*Required work*. Should a picture appear anywhere in the data, omit it and copy everything else exactly.
[Start of section]
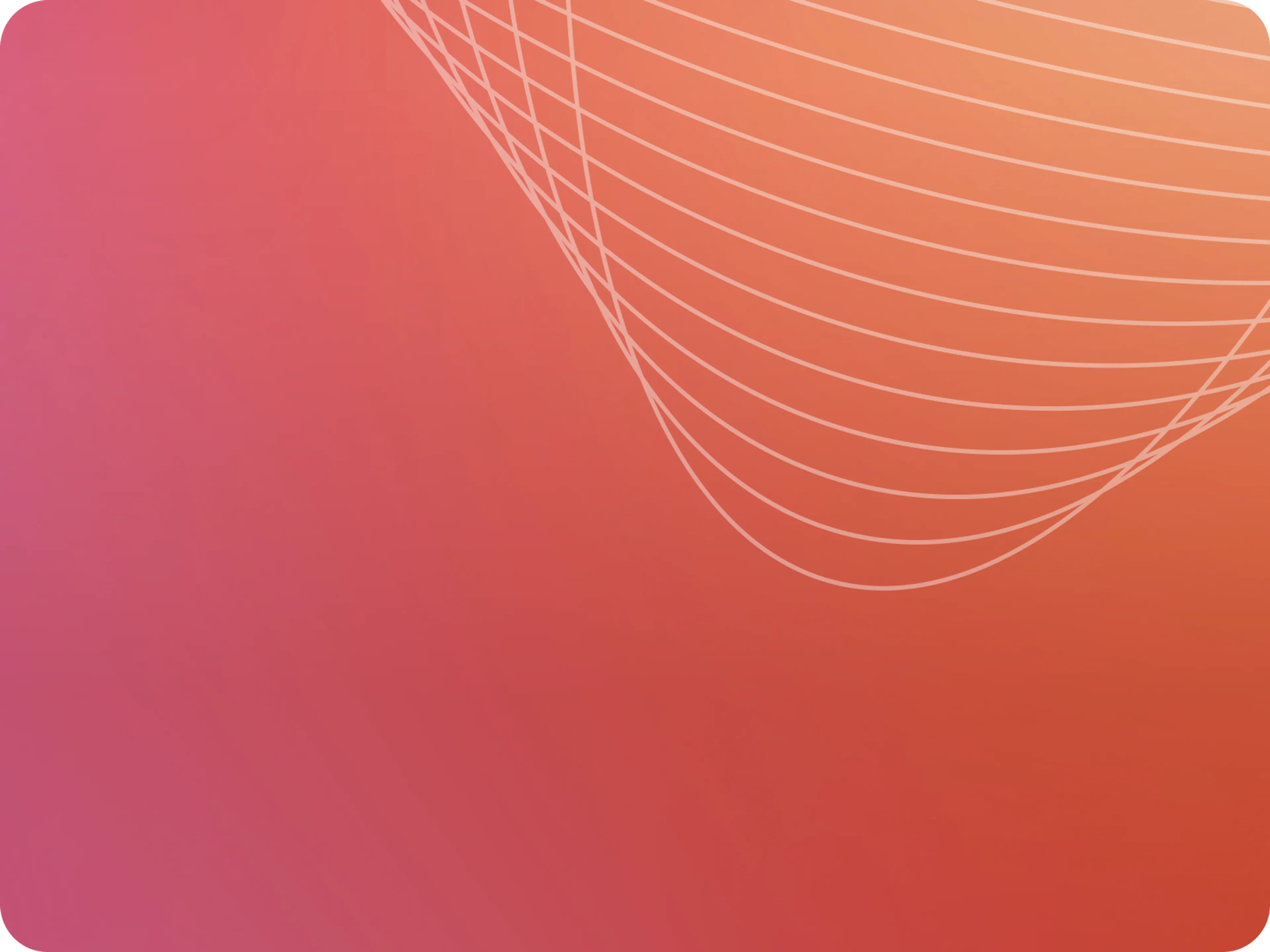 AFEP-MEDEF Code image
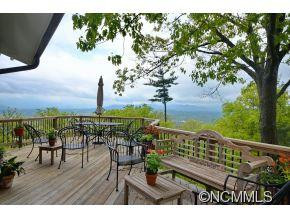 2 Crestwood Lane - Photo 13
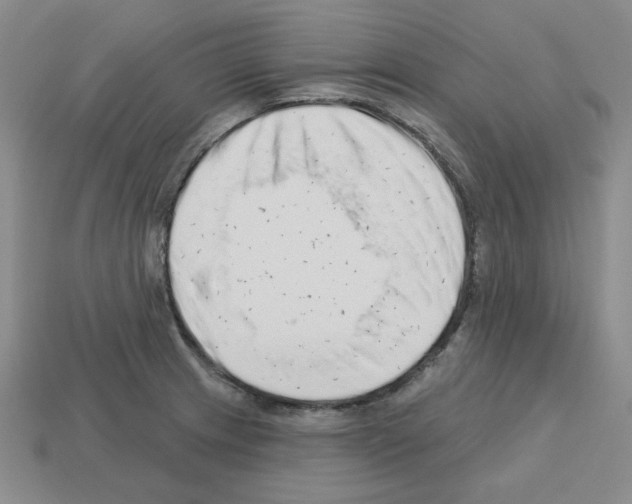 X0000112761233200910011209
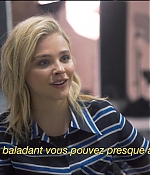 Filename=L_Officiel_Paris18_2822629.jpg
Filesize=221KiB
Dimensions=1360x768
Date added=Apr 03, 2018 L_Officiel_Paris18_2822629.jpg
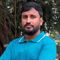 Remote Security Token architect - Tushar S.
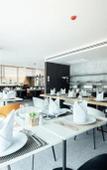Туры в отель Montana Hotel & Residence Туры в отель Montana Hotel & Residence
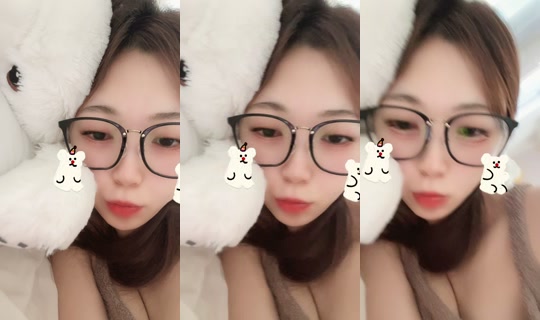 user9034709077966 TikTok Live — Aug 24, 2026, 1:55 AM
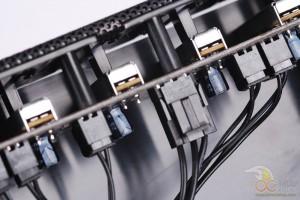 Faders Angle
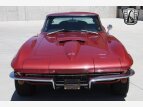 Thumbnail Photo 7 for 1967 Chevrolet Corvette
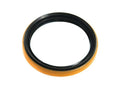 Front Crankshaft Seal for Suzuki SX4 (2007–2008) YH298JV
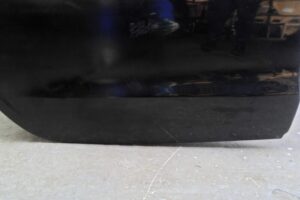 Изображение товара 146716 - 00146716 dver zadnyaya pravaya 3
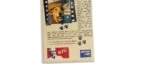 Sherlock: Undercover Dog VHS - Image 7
[End of section]
*Finished exercise*.
 AFEP-MEDEF Code image
 2 Crestwood Lane - Photo 13
 X0000112761233200910011209
 Filename=L_Officiel_Paris18_2822629.jpg
Filesize=221KiB
Dimensions=1360x768
Date added=Apr 03, 2018 L_Officiel_Paris18_2822629.jpg
 Remote Security Token architect - Tushar S.
Туры в отель Montana Hotel & Residence Туры в отель Montana Hotel & Residence
 user9034709077966 TikTok Live — Aug 24, 2026, 1:55 AM
 Faders Angle
 Thumbnail Photo 7 for 1967 Chevrolet Corvette
 Front Crankshaft Seal for Suzuki SX4 (2007–2008) YH298JV
 Изображение товара 146716 - 00146716 dver zadnyaya pravaya 3
 Sherlock: Undercover Dog VHS - Image 7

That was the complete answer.